Лев Аристидович Кассо: цивилист на службе империи

Мнения17.06.2016
17.06.2016

Годовщина, хотя и не круглая, со дня рождения Льва Аристидовича Кассо — завтра исполняется 151 год со дня его рождения — дает повод вспомнить этого крупного ученого и администратора, к настоящему времени довольно прочно (и совершенно напрасно) забытого. Его судьба весьма необычна, а вместе с тем и характерна для того уникального времени, в котором довелось ему жить: вещи прежде небывалые происходили тогда все чаще и чаще, пролагая дорогу событиям и вовсе немыслимым, хлынувшим на Россию водопадом в 1917 году.

В научном и особенно в чиновном мире Кассо явился своего рода новинкой, чем-то отнюдь не типичным для истекшего — спокойного и размеренного — девятнадцатого столетия. Будучи видным профессором-цивилистом, он все-таки запомнился преимущественно своей деятельностью на посту министра народного просвещения (1910–1914), и именно в этой своей роли был более всего необычен. Журнал «Нива» так писал о его назначении: «Едва ли не впервые за всю историю министерства на этом посту появляется сравнительно еще очень молодой деятель, полный сил и энергии и чуждый административной министерской рутины, — человек совершенно свежий и новый в министерских сферах. Мало того, человек почти неизвестный в высших правительственных кругах».

Каков же был жизненный путь этого наиболее оригинального из тогдашних министров?

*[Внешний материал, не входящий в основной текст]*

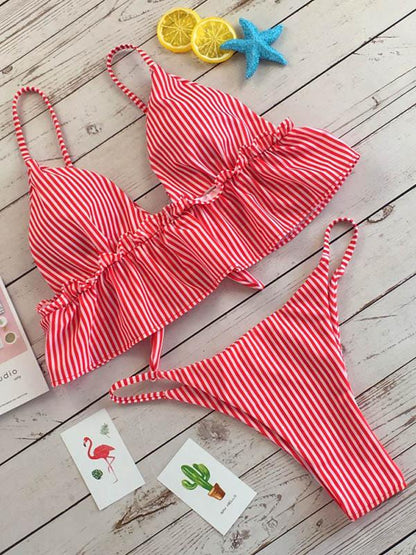 Pinstripe Triangle Bikinis Swimwear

Родился он 18 июня 1865 года в Париже, в семье Аристида Степановича Кассо и его жены Александры Спиридоновны. Отец его был российским подданным и одним из богатейших землевладельцев Бессарабии. Сын получил имя на французский манер — Леон Виктóр Константен Кассó — и молодость свою провел во Франции. Этническое происхождение наложило сильный отпечаток на его внешность, которая обращала на себя всеобщее внимание — впоследствии его часто за глаза называли то «греком», то «цыганом», то «левантийцем». Образование получил самое отличное — учился в лицее Кондорсе, затем в Сорбонне (одна из его работ имеет посвящение «памяти незабвенного учителя Albert Sorel»), Гейдельберге и, наконец, в Берлине, где защитил диссертацию «Ответственность наследника по завещанию по римскому и современному праву» на получение степени doctor utriusque juris.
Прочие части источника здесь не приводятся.